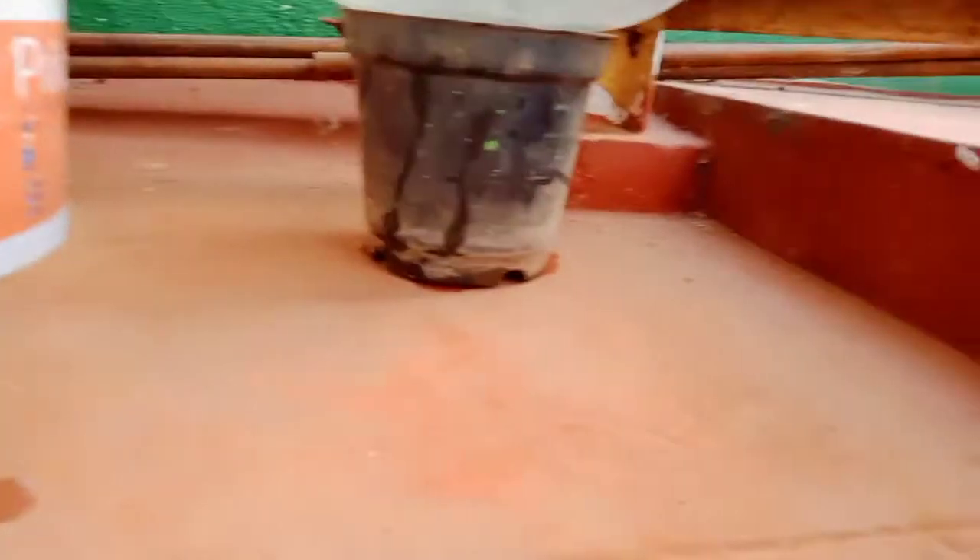I will fill the fish in two days. I will cut a can and cut half of it. I will cut a bucket and a drum and cover it.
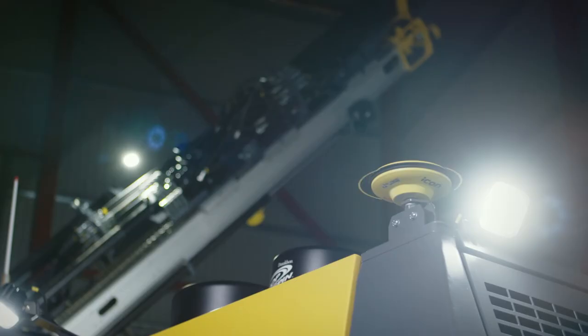At Epiroc, safety is always a priority. If the rig is equipped with the hole navigation system, there is no need to survey or manually mark holes on the bench. This takes people off the bench and out of harm's way.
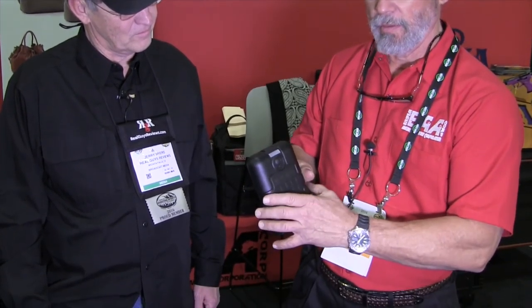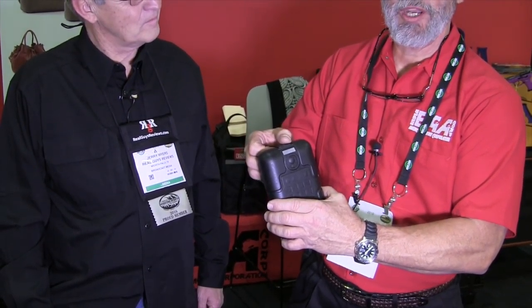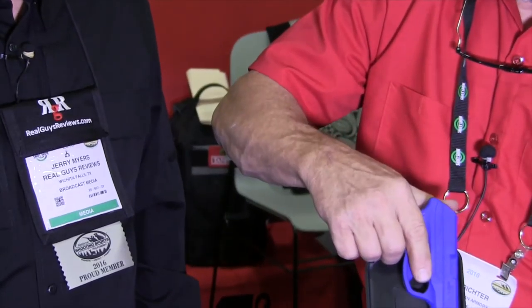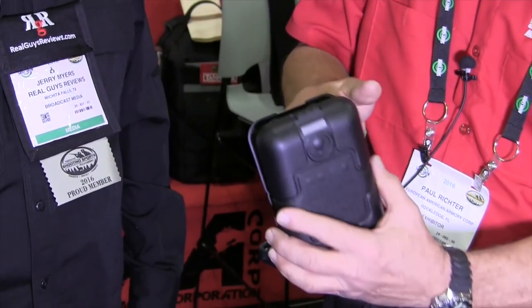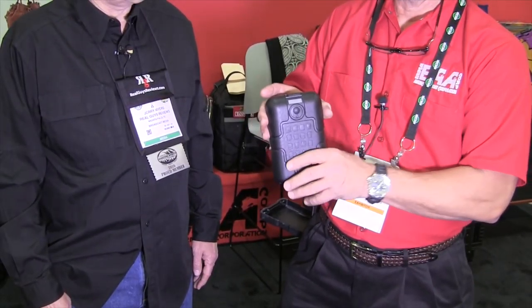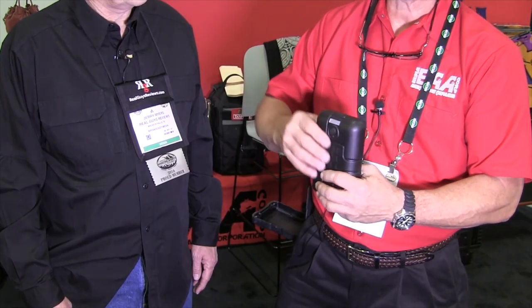We also, very shortly, will have what we call our Smart Abdo, which is a programmable lock. If you could hear it, you would hear that it just unlocked. Same thing — close it, you put it on your belt, and it'll stay in what they call fast access mode.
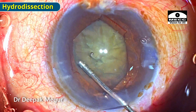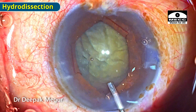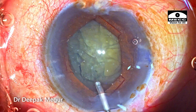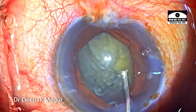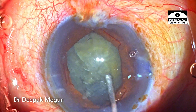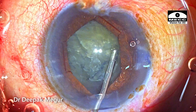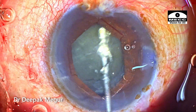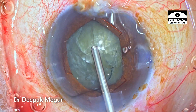Hydrodissection is probably one of the most important steps in such eyes with suspected weak zonules. I always like to spend a couple of minutes more just to ensure that all the cortico-capsular adhesions are broken. After the hydrodissection, I'm not still sure that the cortico-capsular adhesions are totally off, so it's repeated until I'm sure that the nucleus and lens matter are totally free from the capsule attachment, confirmed by nucleus rotation.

What is required:
Beginning with the line that contains "We also, very" and ending with the last line of the data above, output those lines exactly and nothing more, without any pictures.

Result below:
We also, very shortly, will have what we call our Smart Abdo, which is a programmable lock. If you could hear it, you would hear that it just unlocked. Same thing — close it, you put it on your belt, and it'll stay in what they call fast access mode.
Hydrodissection is probably one of the most important steps in such eyes with suspected weak zonules. I always like to spend a couple of minutes more just to ensure that all the cortico-capsular adhesions are broken. After the hydrodissection, I'm not still sure that the cortico-capsular adhesions are totally off, so it's repeated until I'm sure that the nucleus and lens matter are totally free from the capsule attachment, confirmed by nucleus rotation.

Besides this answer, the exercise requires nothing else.